Chinese Hackers Increase Attacks on Taiwanese Organizations, Cybersecurity Firm Reports
Rise in Cyberattacks by RedJuliett Group
A recent report from Recorded Future, a cybersecurity intelligence company, indicates that a suspected Chinese-state-sponsored hacking group, RedJuliett, has increased its attacks on Taiwanese organizations. These attacks were mainly on government, education, technology, and diplomatic sectors, as well as other targets.
Scope of the Attacks
According to the report, RedJuliett targeted 24 organizations between November 2023 and April 2024, leading up to Taiwan’s presidential elections. The attacks included:
- Government agencies in Taiwan, Laos, Kenya, and Rwanda.
- Religious organizations in Hong Kong and South Korea.
- A U.S. university and a Djiboutian university.
The identities of these organizations were not disclosed in the report.
Method of Attack
RedJuliett accessed these organizations' servers using a vulnerability in SoftEther enterprise virtual private network (VPN) software. This open-source VPN allows remote connections to an organization's network but has security weaknesses that RedJuliett exploited.
Attempted Attacks on Taiwanese Organizations
Recorded Future observed that RedJuliett attempted to infiltrate more than 70 Taiwanese organizations, including:
- Three universities.
- An optoelectronics company.
- A facial recognition company with government contracts.

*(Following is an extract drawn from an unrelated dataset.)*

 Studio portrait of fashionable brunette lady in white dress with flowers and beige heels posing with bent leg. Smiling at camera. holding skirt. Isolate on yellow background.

While it’s not clear if RedJuliett successfully breached these entities, the attempts match the hacking patterns of Chinese state-sponsored groups.
Geographical Connection
The report suggests that RedJuliett is likely based in Fuzhou, a city in China’s southern Fujian province. This city is close to Taiwan, making it a strategic location for Chinese intelligence to target Taiwanese organizations and collect intelligence.
Political Context
Relations between China and Taiwan have been deteriorating, with China increasing military drills, and economic and diplomatic pressure. China sees Taiwan as part of its territory, while Taiwan maintains it is an independent sovereign state. The situation escalated further after the election of Taiwan’s new president, Lai Ching-te, who opposes unification under Beijing's terms.
Global Perspective on Cyber Espionage
China, like other nations including the U.S., has been implicated in cyberespionage campaigns. Earlier this year, the U.S. and Britain accused China of a vast cyberespionage campaign affecting millions. Beijing has denied these accusations, claiming China itself faces many cyberattacks.
Preventive Measures
Recorded Future advises that companies and organizations can best protect themselves by prioritizing and patching vulnerabilities. Using public-facing devices like open-source VPN software without proper security measures can expose organizations to cyber threats.
Conclusion
As cyber threats from state-sponsored groups like RedJuliett increase, it is crucial for organizations, particularly in Taiwan, to stay vigilant and adopt robust cybersecurity practices to mitigate the risk of cyberattacks.